_WHAT THE TASK ASKS_:
Please give back, exactly as written, the lines from the line with "After loading the" to the line with "My wife said" in the listing below, leaving out all pictures.

_DATA LISTING_:
========
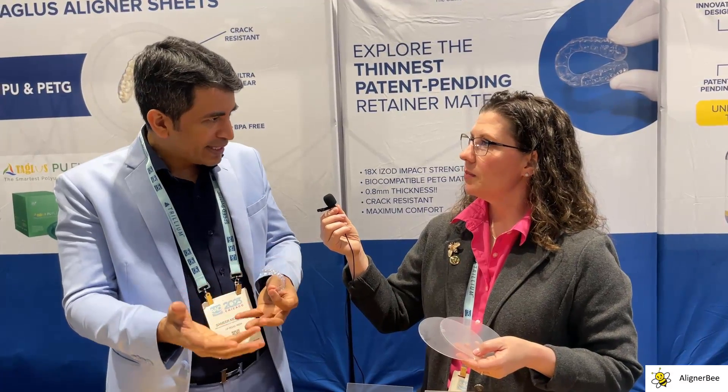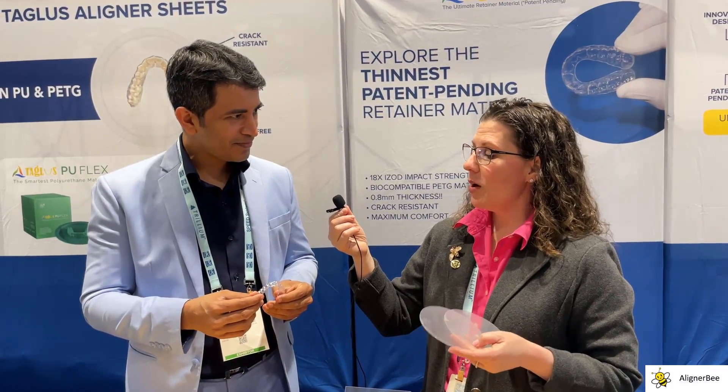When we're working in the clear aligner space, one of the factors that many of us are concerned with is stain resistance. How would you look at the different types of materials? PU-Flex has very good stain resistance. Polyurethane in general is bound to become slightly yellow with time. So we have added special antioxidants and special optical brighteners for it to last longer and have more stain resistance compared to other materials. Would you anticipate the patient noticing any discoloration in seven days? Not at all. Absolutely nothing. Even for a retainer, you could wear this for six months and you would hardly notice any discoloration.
========
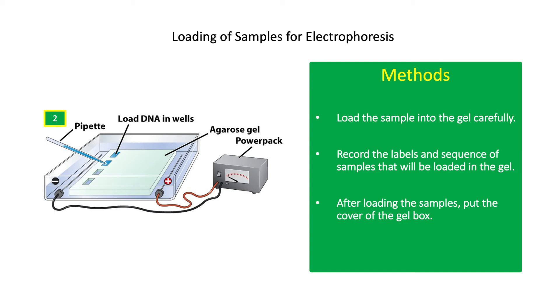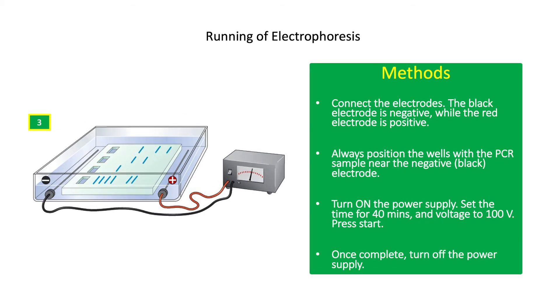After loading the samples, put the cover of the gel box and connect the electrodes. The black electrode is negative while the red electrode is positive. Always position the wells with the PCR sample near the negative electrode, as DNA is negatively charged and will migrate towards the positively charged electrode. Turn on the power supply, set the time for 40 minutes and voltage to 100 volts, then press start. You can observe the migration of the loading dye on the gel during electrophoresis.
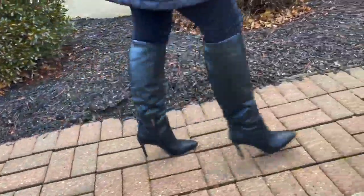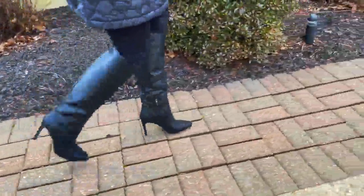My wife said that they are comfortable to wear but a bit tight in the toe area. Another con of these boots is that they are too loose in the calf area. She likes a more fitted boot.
========
_ANSWER SPACE_:
After loading the samples, put the cover of the gel box and connect the electrodes. The black electrode is negative while the red electrode is positive. Always position the wells with the PCR sample near the negative electrode, as DNA is negatively charged and will migrate towards the positively charged electrode. Turn on the power supply, set the time for 40 minutes and voltage to 100 volts, then press start. You can observe the migration of the loading dye on the gel during electrophoresis.
My wife said that they are comfortable to wear but a bit tight in the toe area. Another con of these boots is that they are too loose in the calf area. She likes a more fitted boot.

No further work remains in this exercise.